A Bola e o Monstro
[Publicado na Visão a 19 Jun. 2026]
“Montra” isto, “montra” aquilo: não é por acaso que se ouve tantas vezes a palavra “montra” para descrever o Mundial de Futebol. O Mundial é a grande celebração do visível. E vê-se tudo. A relva e os corpos, as lágrimas e as bandeiras, os hotéis e as comitivas, os túneis e as estatísticas e o milímetro a mais da ponta-da-chuteira-naquela-fracção-de-segundo. Até as caras são coleccionáveis. E vê-se a ilha, a casa e a mãe do guarda-redes cabo-verdiano Vozinha, que gosta de telenovelas e lá lhe arranjaram maneira de ir aos Estados Unidos ver o filho jogar.
O Mundial é esta máquina tão poderosa de aparição que nem a mãe do guarda-redes do Chaves é deixada em sossego.
O raciocínio reflexo diria: mas isso é fantástico. Mas o que o raciocínio reflexo não tem em conta é que não se trata bem de visibilidade, mas de excesso de visibilidade. O excesso de visibilidade desfigura. E a transparência, ao contrário do que se poderia imaginar, torna as coisas mais opacas. Eis uma hipótese perfeitamente válida para uma genealogia do grotesco.
Já ouviram falar nos Angine de Poitrine? Experimentem escrever o nome no Google e vejam o que acontece. Tem graça, não tem? Adiante. O fenómeno é extraordinário. O duo que veio do Quebec, praticante de math-rock instrumental, tinha tudo para cumprir seis ou sete boas temporadas em festivais semi-obscuros, algures pelas Américas sofisticadas. Mas, graças a uma mitologia de ocasião, feita de pintarolas e grunhidos processados, tornou-se objecto de culto.
Não se trata de “culto” naquela acepção em que três pessoas muito informadas gostam de uma coisa difícil, mas no sentido religioso e especulativo da palavra: concertos cheios até ao barrote, discos esgotados a circular por valores esdrúxulos, gente a discutir a identidade dos músicos como se estivesse a decifrar uma cifra gnóstica, e até uma espécie de Angine de Poitrine apócrifo surgido na Rússia, ou coisa parecida.
Concebido ou não com esse intuito, o que é certo é que se tornou num mecanismo de gerar desejo particularmente eficaz.
A banda aparece em palco com fatos às bolas e enormes cabeças de pasta de papel.

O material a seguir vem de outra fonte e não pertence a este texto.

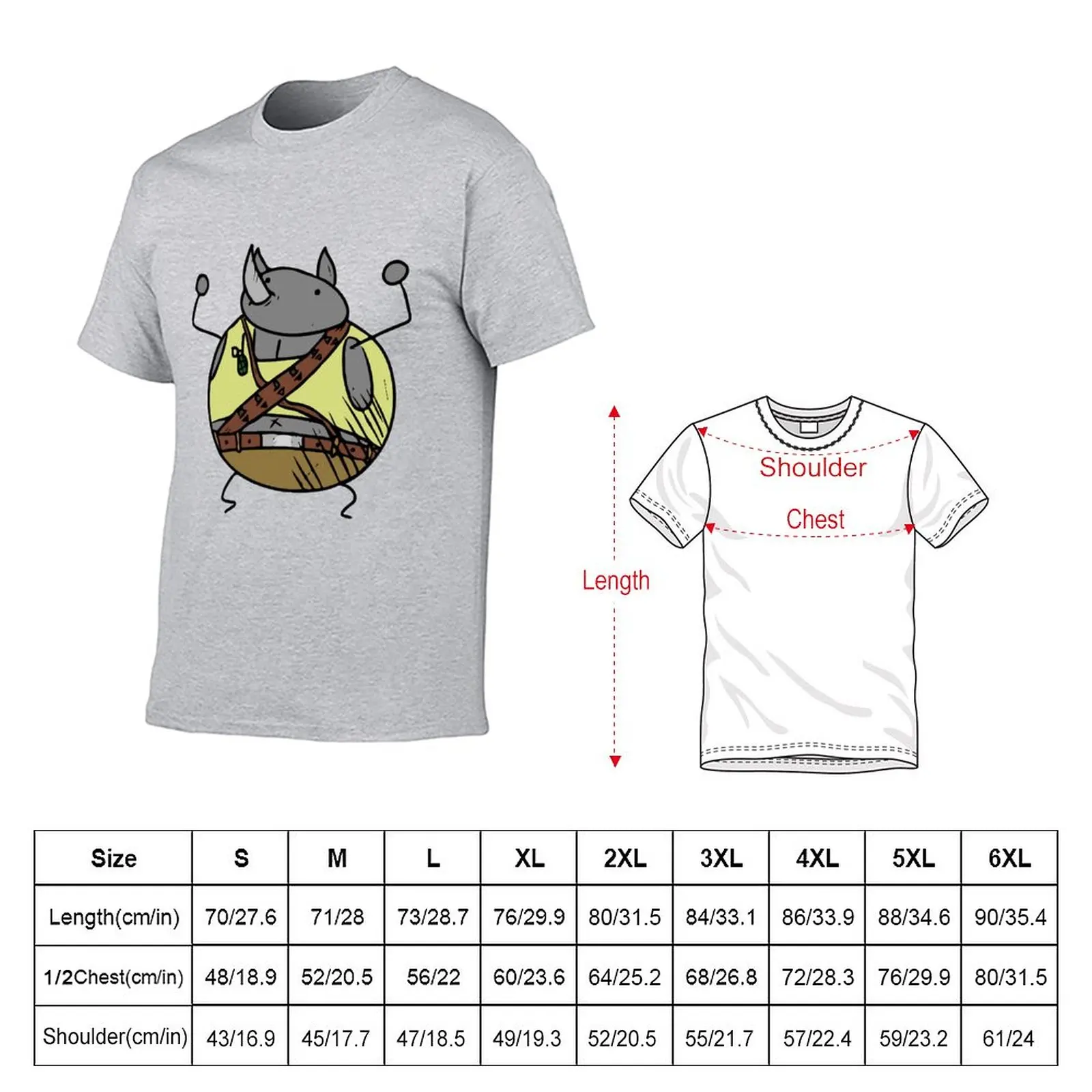 Rhino Guy T-Shirt man clothes funny t shirt cute tops mens clothing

Khn — eu não disse que a mitologia era de ocasião? — toca uma guitarra absurda com precisão lunática; Klek toca bateria como se estivesse a cumprir um rito tribal inventado por um professor de álgebra que enlouqueceu durante o recreio. Não há rostos nem psicologia, mas duas figuras excessivas, meio infantis, meio demoníacas, que se mostram escondendo-se.
Parecendo que não, há um parentesco entre os Angine, que escondem tudo, e o Mundial, que tudo revela. O raciocínio reflexo disparará imediatamente: claro, é a bola. Mas não. É o monstro. Figuras demasiado artilhadas, fatiotas demasiado gráficas, gestos demasiado marcados, gente demasiado pintada. A enumeração serve para os dois e desemboca em gente adulta reduzida a mascotes voluntárias; invisível pelo modo como se torna demasiado visível.
No Mundial, a barafunda espera que a bola encontre uma ordem. Nos Angine, também.
Dir-se-ia que o fascínio que o grotesco exerce tem qualquer coisa a ver com a negação da beleza. Mas é bem possível que a atracção venha, precisamente, de ser a sua ante-câmara.
Os Angine de Poitrine e o Mundial interessam porque, escondida por baixo do grotesco e do ruído visual, há uma promessa de forma. Quando ela finalmente surge, redime-nos, pobres criaturas caídas: cabeças de pasta de papel ou estádios inteiros a berrar pela sua pequena eternidade. Tanto faz.